The allegation, which came via a signed petition by about 10 civil society organisations and dated September 26, 2018, was received by the office of the acting chairman of the Economic and Financial Crimes Commission, Ibrahim Magu, on September 27, 2018.
President Muhammadu Buhari had recently wondered how a former government allegedly spent $16 billion on the sector without results. He also accused the National Assembly of not exercising adequate oversight on the sector.
The two companies were blacklisted in a 2008 House of Representatives report.
The Association of Power Generation Companies (APGC) meanwhile said since June 2018, power Generation Companies (GenCos) have not received payment from the Nigerian Bulk Electricity Trading Plc (NBET) for electricity generated.
APGC’s Executive Secretary Dr Joy Ogaji disclosed this in an interview with the News Agency of Nigeria (NAN) in Abuja yesterday. According to her, GenCos were being owed N500 billion for power generated from 2013, when they took over electricity generation, to December 2016.
She said: “The GenCos debt is classified into about three categories. So, when you are talking about debts, before even NBET came, market operators owed GenCos. If you calculate all that debt from 2013 to December 2016, GenCos’ debt was about N500 billion. This debt that we are talking about is without interest, because the Power Purchase Agreement (PPA) says if they delay payment, GenCos are entitled to interest. So, this amount is without interest. It does not also cover the cost for available capacity.”
She said further: “GenCos make capacity available. So, the power that is being rejected…it does not cover that one, because that is a different cost. From 2017, NBET, through Federal Government’s Payment Assurance Guarantee, has only been paying 80 per cent and there is 20 per cent shortfall till date. And for this year, since June, we have not been paid.”

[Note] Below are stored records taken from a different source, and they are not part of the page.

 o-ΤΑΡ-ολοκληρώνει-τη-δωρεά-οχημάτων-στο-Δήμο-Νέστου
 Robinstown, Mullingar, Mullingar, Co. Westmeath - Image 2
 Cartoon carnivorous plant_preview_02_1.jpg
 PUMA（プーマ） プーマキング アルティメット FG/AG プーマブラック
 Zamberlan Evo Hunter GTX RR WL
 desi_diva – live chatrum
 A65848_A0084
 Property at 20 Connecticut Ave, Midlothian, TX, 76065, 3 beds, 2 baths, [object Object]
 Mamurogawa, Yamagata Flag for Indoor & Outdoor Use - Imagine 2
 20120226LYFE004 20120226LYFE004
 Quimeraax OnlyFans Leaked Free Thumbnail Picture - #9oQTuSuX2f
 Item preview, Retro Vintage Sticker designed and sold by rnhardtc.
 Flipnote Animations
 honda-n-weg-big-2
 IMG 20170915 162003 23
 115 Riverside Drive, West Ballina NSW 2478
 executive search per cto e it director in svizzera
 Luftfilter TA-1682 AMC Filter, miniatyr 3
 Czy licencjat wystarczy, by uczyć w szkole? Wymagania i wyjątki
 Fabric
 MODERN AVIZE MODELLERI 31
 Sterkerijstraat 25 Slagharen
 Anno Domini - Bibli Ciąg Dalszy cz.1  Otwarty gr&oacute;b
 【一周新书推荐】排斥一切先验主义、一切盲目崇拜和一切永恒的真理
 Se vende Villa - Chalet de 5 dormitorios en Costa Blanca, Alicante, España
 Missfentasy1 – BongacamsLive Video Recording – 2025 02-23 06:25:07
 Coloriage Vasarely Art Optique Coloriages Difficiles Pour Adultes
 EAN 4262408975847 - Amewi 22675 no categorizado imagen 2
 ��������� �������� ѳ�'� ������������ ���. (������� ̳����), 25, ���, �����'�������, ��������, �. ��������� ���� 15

On GenCos meeting their obligation on payment to gas companies, Ogaji noted: “GenCos have been taking loans from banks to be able to meet their obligations in the market and put power on the grid. When we don’t generate, we are called saboteurs. They will start saying that the owners of the GenCos are PDP members; that is why they are not generating. But the government is not looking at the cost implication of putting power on the grid and you are not paying for it. There is no business person that will want to continue business when he is not getting anything on it. And upon that you are being accused that you are a saboteur.”
The APGC executive secretary however said GenCos were engaging NBET on the matter.
But the Head Corporate Communication of NBET, Mrs. Henrietta Ighomrore, described the alleged non-payment since June as inaccurate. GenCos have always received their payment as at when due, and at no time did NBET withhold payment to GenCos, she said.
“NBET does not retain any money. Every money we receive from the DisCos, we immediately pay it to the GenCos to settle their invoices,” she explained, stressing it is important to understand how payments are made in the electricity market.
“For instance, if you have January’s invoice, that invoice will be coming to you around the end of February or early March. The generating companies generate and then they send to us and then we send to the DisCos. At the end of the month, the Market Operator (MO) will read the meter and then raise the market settlement statement.”